Dusseldorf officials did not identify the specific restitution claims that prompted them to shutter the exhibition. But in an interview with Sara Angel of the Globe and Mail, Willi Korte, the Max Stern Art Restitution Project's chief investigator, linked the cancellation to the project’s efforts to recover an 1861 Andreas Achenbach painting, which came to the project’s attention after it was displayed at a museum in the German town of Baden-Baden. The painting, titled “Sicilian Landscape,” currently belongs to a private collector named Wolfgang Peiffer who says he acquired it at a 1999 Phillips auction. Peiffer has since retained the counsel of Ludwig von Pufendorf, a vocal critic of Germany’s efforts to remove looted paintings from museums and return them to the heirs of Nazi victims.
According to the exhibition’s organizers, restitution was not a central theme of the exhibition. Instead, the show, titled “Max Stern: From Dusseldorf to Montreal," was supposed to focus on Stern’s life and work, exploring his persecution under the Nazis and the rebirth of his career as an art dealer after he fled to Canada.
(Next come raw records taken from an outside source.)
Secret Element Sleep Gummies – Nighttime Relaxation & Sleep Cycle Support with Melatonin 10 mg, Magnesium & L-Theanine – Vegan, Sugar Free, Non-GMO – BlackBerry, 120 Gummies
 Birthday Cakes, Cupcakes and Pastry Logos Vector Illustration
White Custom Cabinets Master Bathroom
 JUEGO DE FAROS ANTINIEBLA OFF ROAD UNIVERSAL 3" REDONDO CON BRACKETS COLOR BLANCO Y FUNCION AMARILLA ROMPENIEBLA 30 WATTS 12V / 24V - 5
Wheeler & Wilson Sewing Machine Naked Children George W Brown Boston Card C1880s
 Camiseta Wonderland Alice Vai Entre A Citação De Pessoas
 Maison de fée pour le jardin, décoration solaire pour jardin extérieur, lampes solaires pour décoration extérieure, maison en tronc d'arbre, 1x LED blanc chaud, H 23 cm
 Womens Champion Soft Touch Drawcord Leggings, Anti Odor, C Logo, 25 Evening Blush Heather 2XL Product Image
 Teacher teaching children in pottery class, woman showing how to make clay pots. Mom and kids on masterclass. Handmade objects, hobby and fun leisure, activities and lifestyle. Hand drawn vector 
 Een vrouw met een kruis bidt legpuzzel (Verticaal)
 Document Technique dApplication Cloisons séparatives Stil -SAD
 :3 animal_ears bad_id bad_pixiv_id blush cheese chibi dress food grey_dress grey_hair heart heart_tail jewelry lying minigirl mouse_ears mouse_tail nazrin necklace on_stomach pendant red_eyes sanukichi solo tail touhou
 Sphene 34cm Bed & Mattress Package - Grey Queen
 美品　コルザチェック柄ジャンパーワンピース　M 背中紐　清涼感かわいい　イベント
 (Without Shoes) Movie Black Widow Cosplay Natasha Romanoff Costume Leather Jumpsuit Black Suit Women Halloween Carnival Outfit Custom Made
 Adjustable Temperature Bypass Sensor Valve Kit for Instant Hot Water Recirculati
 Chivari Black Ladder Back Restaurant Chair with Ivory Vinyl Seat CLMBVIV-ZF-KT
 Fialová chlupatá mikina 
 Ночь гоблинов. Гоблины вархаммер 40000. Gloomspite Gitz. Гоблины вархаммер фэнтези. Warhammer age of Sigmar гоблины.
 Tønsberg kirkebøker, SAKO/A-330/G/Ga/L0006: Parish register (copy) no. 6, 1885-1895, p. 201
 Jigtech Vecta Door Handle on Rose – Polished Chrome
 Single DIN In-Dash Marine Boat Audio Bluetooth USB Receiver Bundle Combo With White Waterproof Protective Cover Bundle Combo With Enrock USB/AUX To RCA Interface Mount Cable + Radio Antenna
In 1934, one year after Adolf Hitler was appointed German chancellor, Stern inherited his father’s Dusseldorf gallery. Months later, he received a letter from the Reich Chamber of Fine Arts informing him that he was prohibited from practicing as an art dealer and should therefore sell or dissolve his business. Left with no choice, Stern sold more than 200 paintings to the Lempertz gallery in Cologne, which was notorious for trafficking works to Nazi leader Hermann Goering, according to Angel of the Globe and Mail.
Stern escaped to England in 1938, later settling in Canada. He established a successful gallery in Montreal and helped promote the careers of prominent Canadian artists like Emily Carr and Goodridge Roberts. When Stern died in 1987, he bequeathed the bulk of his estate to two Montreal universities—Concordia and McGill—and the Hebrew University in Jerusalem.
In 2002, these institutions launched the Max Stern Art Restitution Project, which has sought to recover works from the Lempertz sale, along with paintings that are missing from the Galerie Stern’s inventory. In total, the project is seeking the restitution of about 400 works; it has recovered 16 pieces to date—including one that once hung in the Stadtmuseum.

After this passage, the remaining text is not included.